Edit

Share via


What are materialized lake views in Microsoft Fabric?

Note

This feature is currently in preview.

Materialized lake views are precomputed, stored results of SQL queries that can be refreshed on demand or on a schedule. Think of them as "smart tables" that contain the results of complex transformations, aggregations, or joins - with intelligent refresh strategies to keep data current.

Why use materialized lake views?

Materialized lake views solve common data engineering challenges:

  • Performance: Instead of running expensive queries repeatedly, results are precomputed and stored
  • Consistency: Everyone accesses the same transformed data, reducing discrepancies
  • Efficiency: Only refresh when source data actually changes, saving compute resources
  • Simplicity: Define transformations once using familiar SQL syntax

When should you use materialized lake views?

Consider materialized lake views when you have:

  • Frequently accessed aggregations (daily sales totals, monthly metrics)
  • Complex joins across multiple large tables that are queried often
  • Data quality transformations that need to be applied consistently
  • Reporting datasets that combine data from multiple sources
  • Medallion architecture where you need bronze → silver → gold transformations

Don't use them for:

  • One-time or rarely accessed queries
  • Simple transformations that run quickly
  • High-frequency streaming data (consider Real-Time Intelligence for sub-second updates)
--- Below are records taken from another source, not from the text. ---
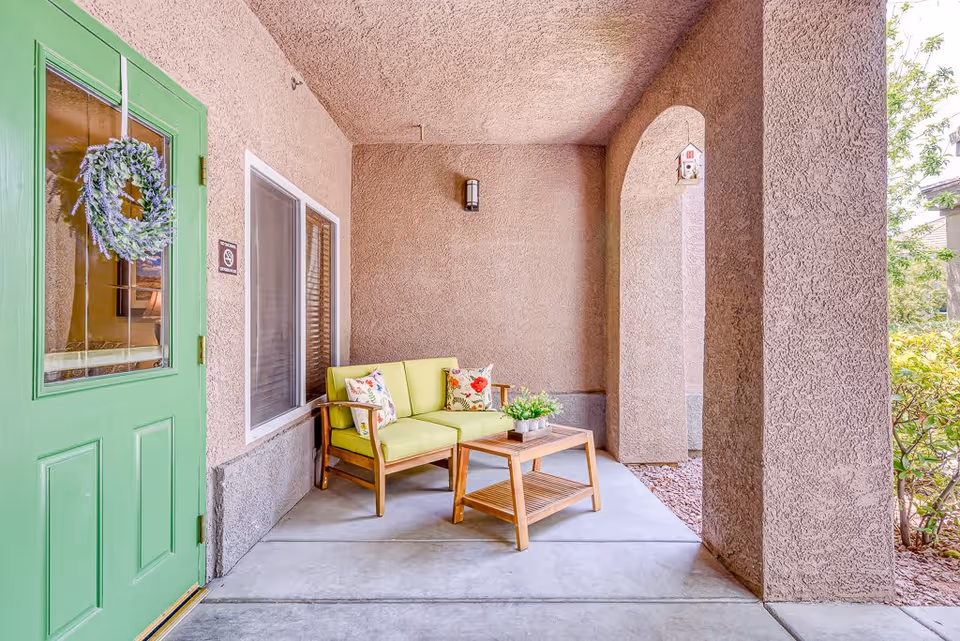 Covered entry porch with a green door, cushioned bench, and wooden coffee table under arched stucco columns.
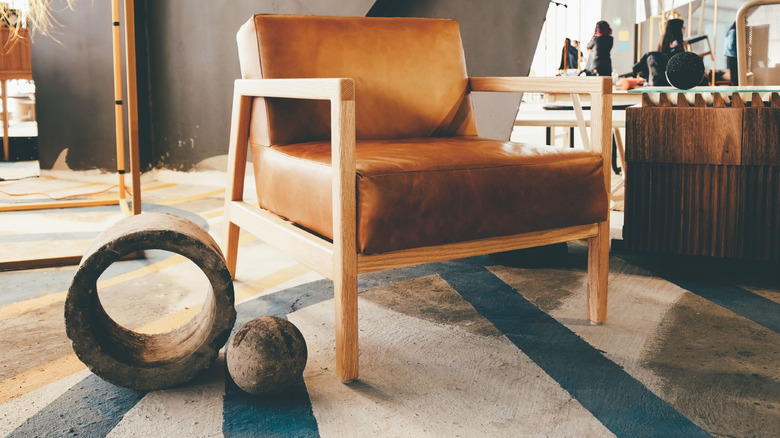 A close-up of a leather armchair on a concrete floor, beside two decorative stone objects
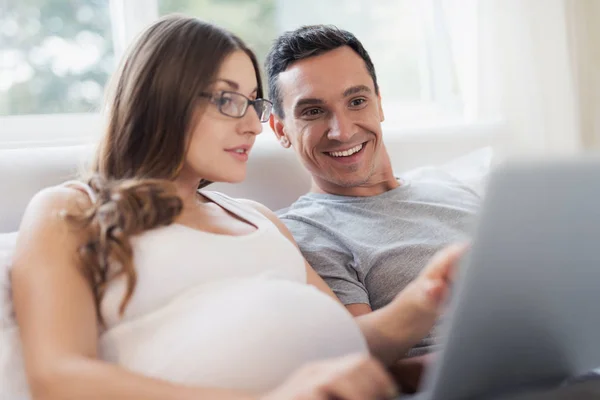 Eine schwangere Frau und ein Mann liegen auf dem Bett. eine Frau hält einen Laptop auf ihrem Schoß, ein Mann hält ein Smartphone. — Stockfoto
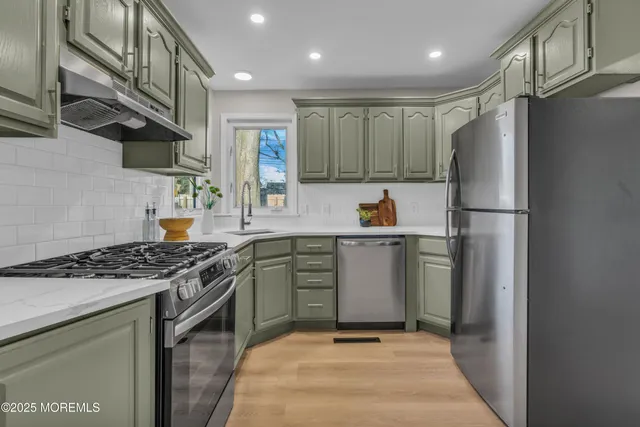 a kitchen with stainless steel appliances granite countertop a sink stove and refrigerator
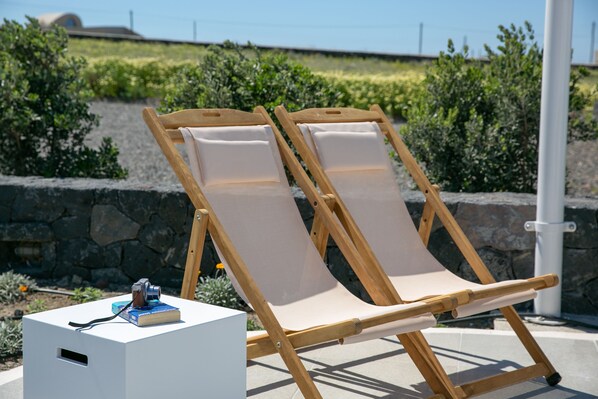 Two wooden lounge chairs with canvas seats and a white box with a camera on top.
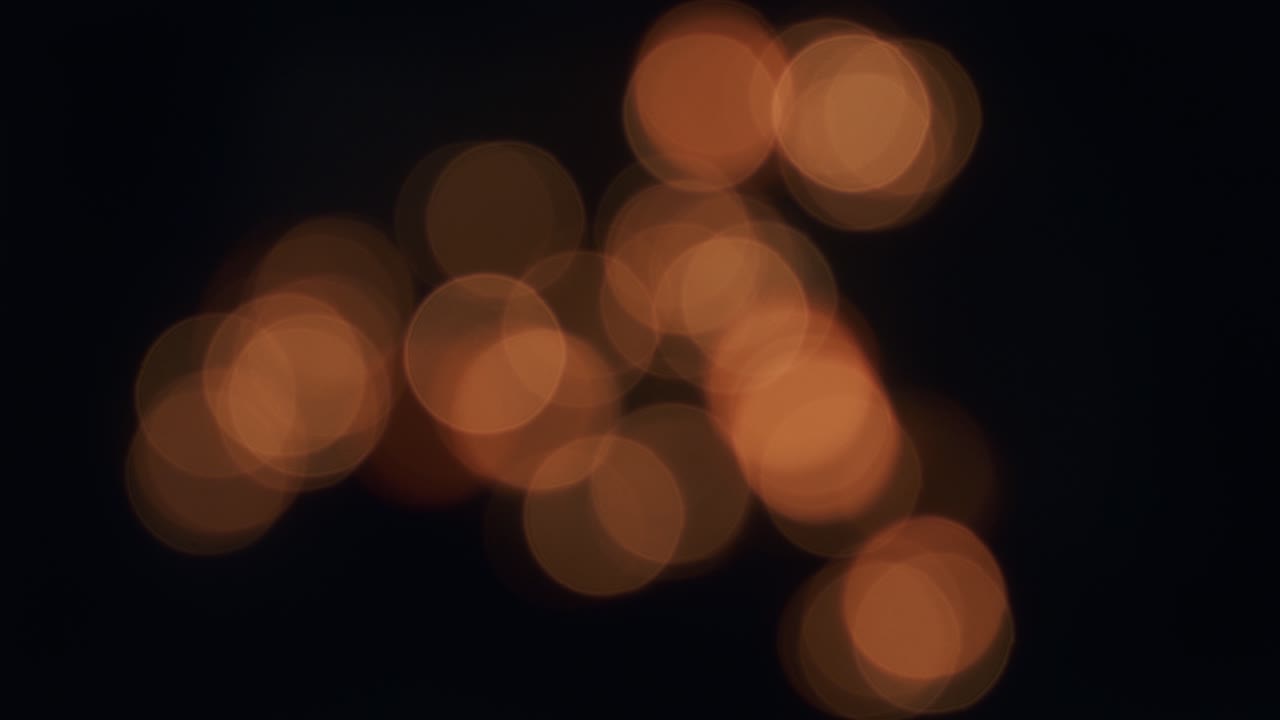 Lana d'acciaio che brucia, scintille di bokeh arancione tondo in movimento nell'oscurità.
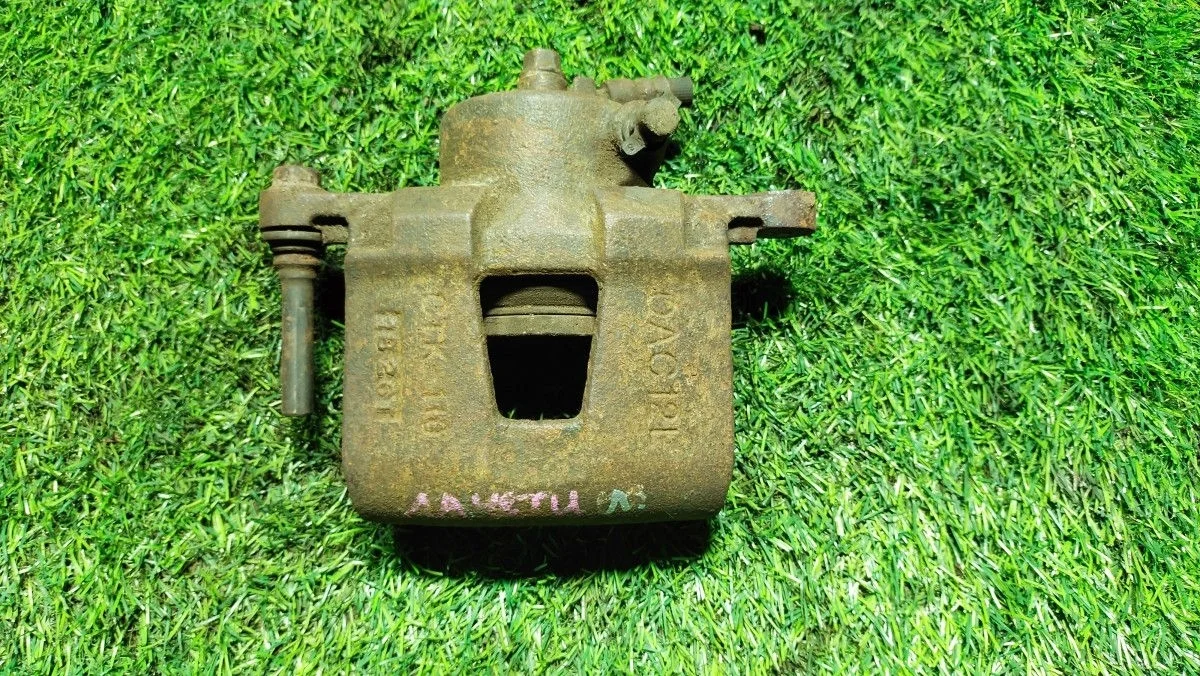 Суппорт тормозной передний левый Chevrolet Lacetti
How do materialized lake views work?

Materialized lake views use a declarative approach - you define WHAT you want, not HOW to build it:

  1. Create: Write SQL defining your transformation
  2. Refresh: Fabric determines the optimal refresh strategy (incremental, full, or skip)
  3. Query: Applications query the materialized view like any table
  4. Monitor: Track data quality, lineage, and refresh status

Key capabilities

Automatic refresh optimization

Fabric automatically determines when and how to refresh your views:

  • Incremental refresh: Only processes new or changed data
  • Full refresh: Rebuilds the entire view when needed
  • Skip refresh: No refresh needed when source data hasn't changed

Built-in data quality

Define rules directly in your SQL and specify how to handle violations:

CONSTRAINT valid_sales CHECK (sales_amount > 0) ON MISMATCH DROP

Dependency management

  • Visualize how your views depend on each other
  • Automatic refresh ordering based on dependencies
  • Processing follows dependency chain to ensure data consistency

Monitoring and insights

  • Track refresh performance and execution status
  • View data quality metrics and violation counts in lineage
  • Monitor job instances and refresh history

Common use cases

Sales reporting dashboard

-- Daily sales summary that refreshes automatically
CREATE MATERIALIZED LAKE VIEW daily_sales AS
SELECT 
    DATE(order_date) as sale_date,
    region,
    SUM(amount) as total_sales,
    COUNT(*) as order_count
FROM orders 
GROUP BY DATE(order_date), region;

Data quality validation

-- Clean customer data with quality rules
CREATE MATERIALIZED LAKE VIEW clean_customers (
    CONSTRAINT valid_email CHECK (email IS NOT NULL) ON MISMATCH DROP
) AS
SELECT 
    customer_id,
    TRIM(customer_name) as customer_name,
    LOWER(email) as email
FROM raw_customers
WHERE customer_name IS NOT NULL;

Medallion architecture

-- Bronze → Silver transformation
CREATE MATERIALIZED LAKE VIEW silver_products AS
SELECT 
    product_id,
    product_name,
    category,
    CAST(price as DECIMAL(10,2)) as price
FROM bronze_products
WHERE price > 0;

Note

This feature is currently not available in South Central US region.

Current limitations

The following features are currently not available for materialized lake views in Microsoft Fabric:

  • Declarative syntax support for PySpark. You can use Spark SQL syntax to create and refresh materialized lake views.
  • Cross-lakehouse lineage and execution features.